| Task directions |
Print the listing as it stands, omitting all images.

| Data below |
== == ==

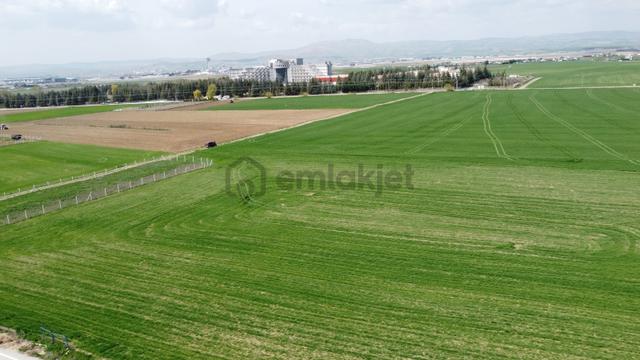 -*bügdüz De Asfalt Üstü Anadolu Otel Yanı Yatırım Fırsatı-* 5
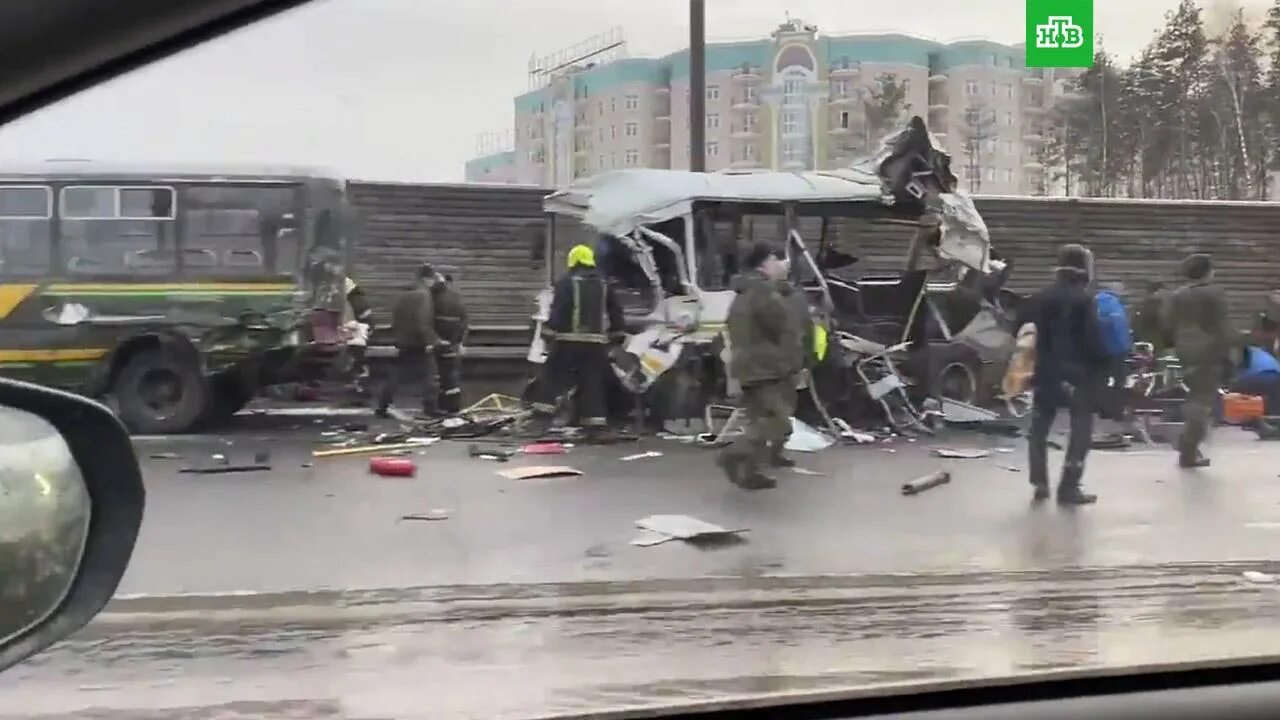 Фото погибших в подмосковье. Авария Новорижское шоссе автобус с военными. Авария Военная колонна Новорижское шоссе. Авария на Новорижском шоссе 11 января 2021.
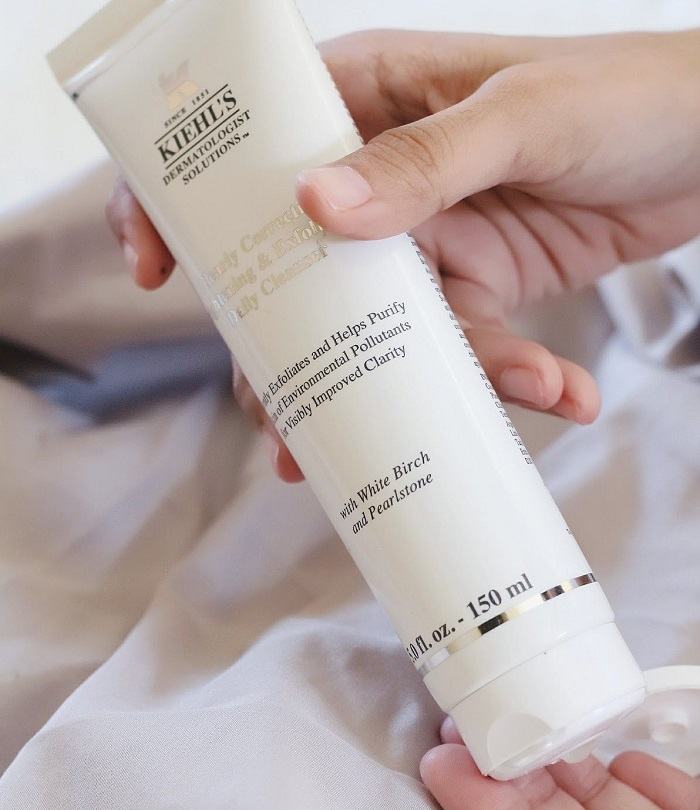 Kiehl’s Clearly Corrective Brightening & Exfoliating Daily Cleanser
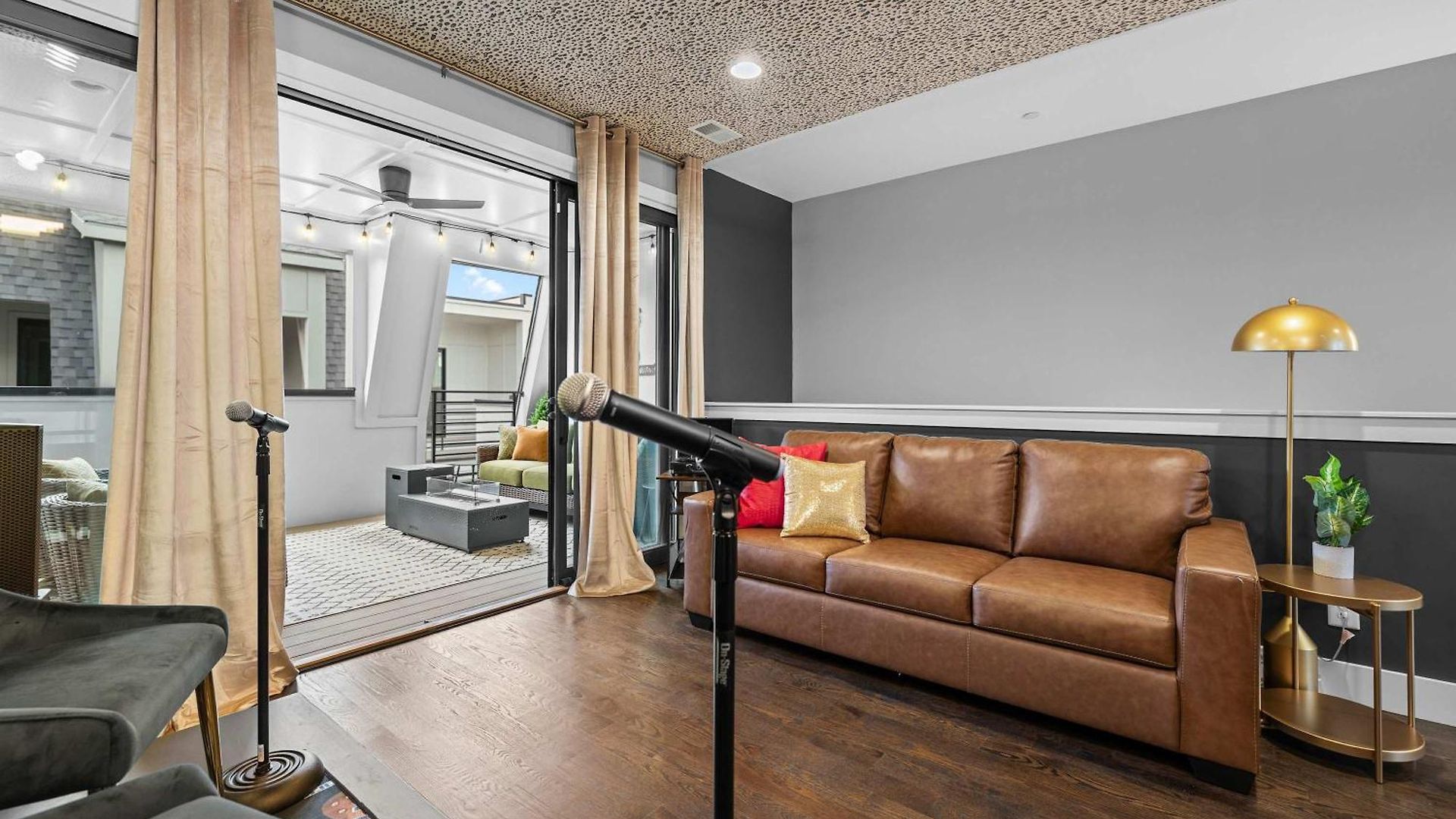 2 Side By Side Units Roof Decks Karaoke Murals Holiday home Nashville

== == ==

| Result |
 -*bügdüz De Asfalt Üstü Anadolu Otel Yanı Yatırım Fırsatı-* 5
 Фото погибших в подмосковье. Авария Новорижское шоссе автобус с военными. Авария Военная колонна Новорижское шоссе. Авария на Новорижском шоссе 11 января 2021.
 Kiehl’s Clearly Corrective Brightening & Exfoliating Daily Cleanser
 2 Side By Side Units Roof Decks Karaoke Murals Holiday home Nashville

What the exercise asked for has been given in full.